## ACTION ITEM
The result should be the full listing copied exactly, with no pictures in it.

## STORED DATA
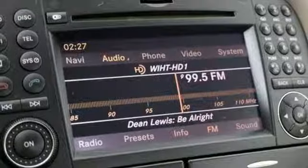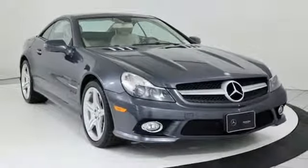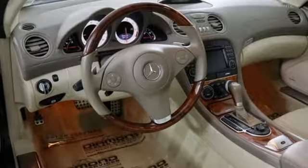V8 engine, power retractable hardtop, automatic with driver control suspension management, and automatic transmission. Stop in for a test drive and make it yours today.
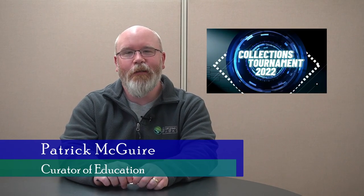Greetings and salutations everyone. Welcome to the newest matchup of the 2022 Elkhart County Historical Museum Collections Tournament. Get excited because you're going to see a whole lot of this face in this matchup — it's finally my bracket. I get to present one of the matchups and today we have a good one.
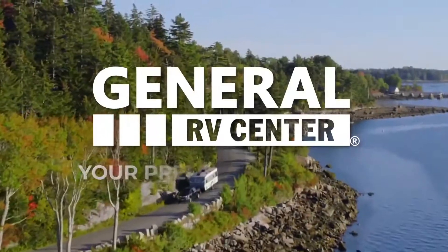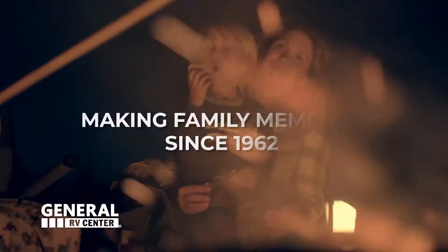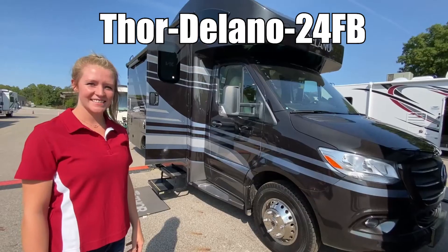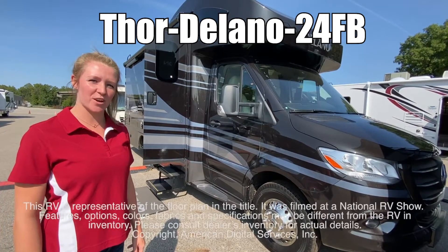Here's another RV from General RV, your premier RV dealer. We've been making family memories since 1962. I'm Michelle and this is the Delano 24FB by Thor Motor Coach.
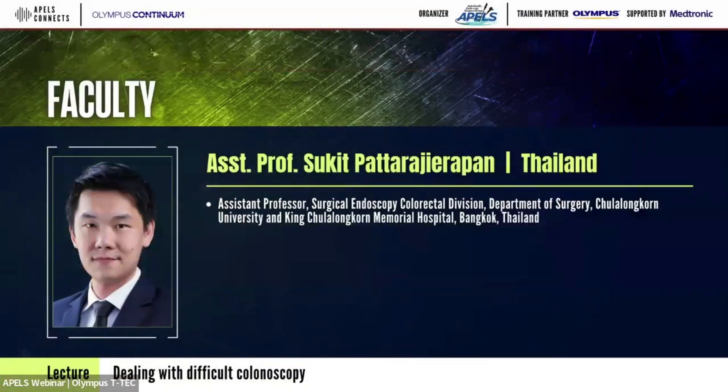The next speaker is Dr. Sukit Patra-Jia-Pan. He is a colorectal surgeon working in the surgical endoscopy unit at Chulalongkorn Hospital, Bangkok, Thailand. He is an expert in colonoscopy, including advanced therapeutic procedures, and has done a lot of study and publications. He will give a talk about dealing with difficult colonoscopy.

## REPLY
V8 engine, power retractable hardtop, automatic with driver control suspension management, and automatic transmission. Stop in for a test drive and make it yours today.
Greetings and salutations everyone. Welcome to the newest matchup of the 2022 Elkhart County Historical Museum Collections Tournament. Get excited because you're going to see a whole lot of this face in this matchup — it's finally my bracket. I get to present one of the matchups and today we have a good one.
Here's another RV from General RV, your premier RV dealer. We've been making family memories since 1962. I'm Michelle and this is the Delano 24FB by Thor Motor Coach.
The next speaker is Dr. Sukit Patra-Jia-Pan. He is a colorectal surgeon working in the surgical endoscopy unit at Chulalongkorn Hospital, Bangkok, Thailand. He is an expert in colonoscopy, including advanced therapeutic procedures, and has done a lot of study and publications. He will give a talk about dealing with difficult colonoscopy.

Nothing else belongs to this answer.